Managers are often too far removed from day-to-day work. By interviewing several strong performers and a few superstars, you can build a clear job profile. Processes are easier to analyze because they involve a series of steps, each producing an output that flows to the next step.
AI and Performance Improvement
Dr. Carl: AI can dramatically accelerate performance analysis.
For example, I once asked ChatGPT to list 100 workplace examples of things that set expectations for performance. In seconds it generated a categorized list that would have taken me a day to create. AI can also help analyze work outputs and behaviors.
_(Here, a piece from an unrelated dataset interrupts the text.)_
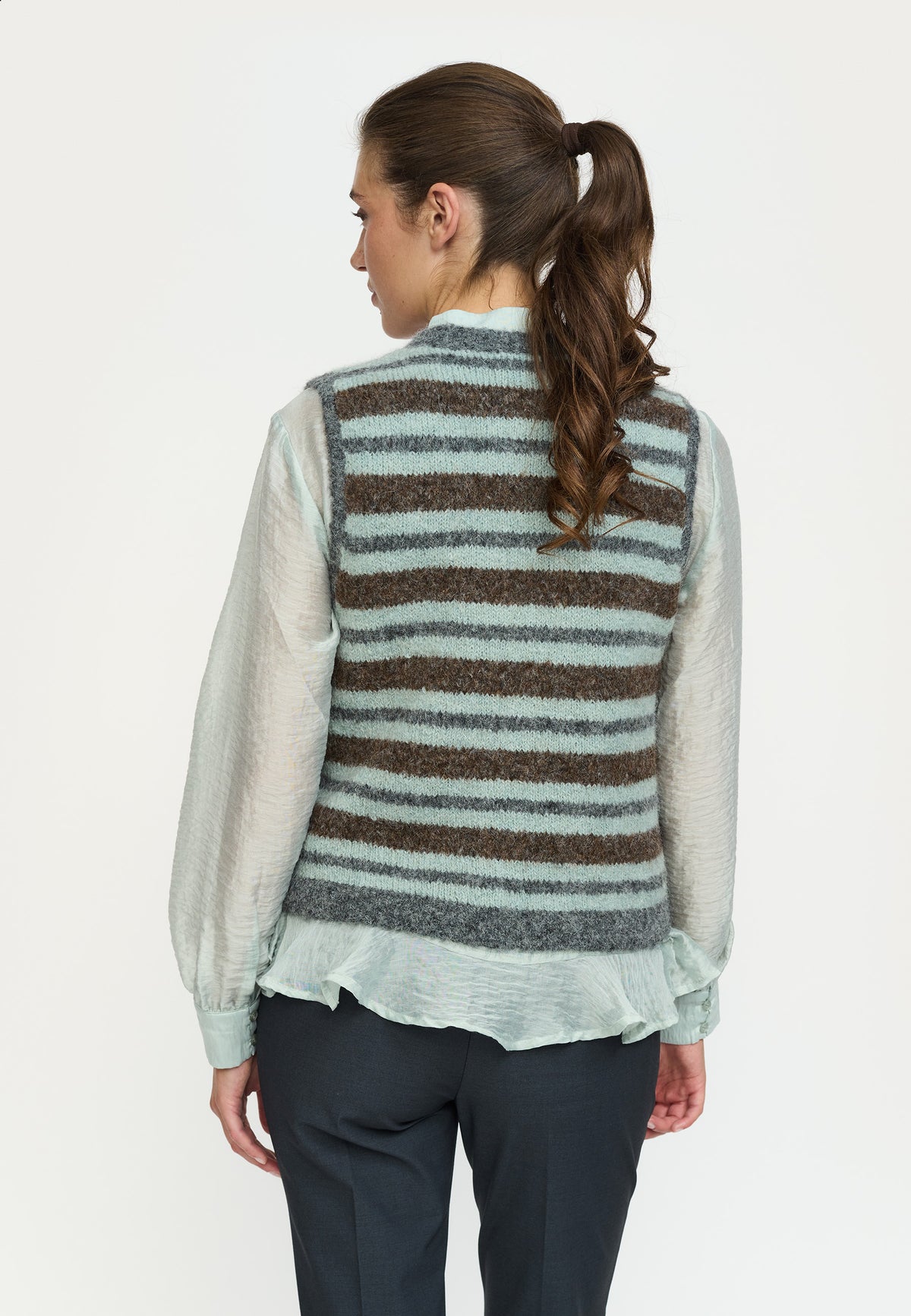 Soft Rebels SRCamilla Stribet Strikvest - M Puritan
I don’t think AI will eliminate most jobs. Instead, it will help people perform better by accelerating analysis and design work.
Becoming Performance Consultants
Dr. Carl: Many L&D organizations want to become performance consultants. Often training teams say, “That’s not a training problem.” But if they develop broader performance skills, they can address issues like:
- Unclear expectations
- Poor feedback systems
- Missing tools
- Misaligned incentives
By using frameworks like the Six Boxes Model, L&D can solve real business problems and deliver greater value.
Critique of the Skills-Based Organization Trend
Nolan: How does this approach fit with organizations building skill maps and skills-based systems?
Dr. Carl: I think the skills-based trend is largely jargon, like competency modeling.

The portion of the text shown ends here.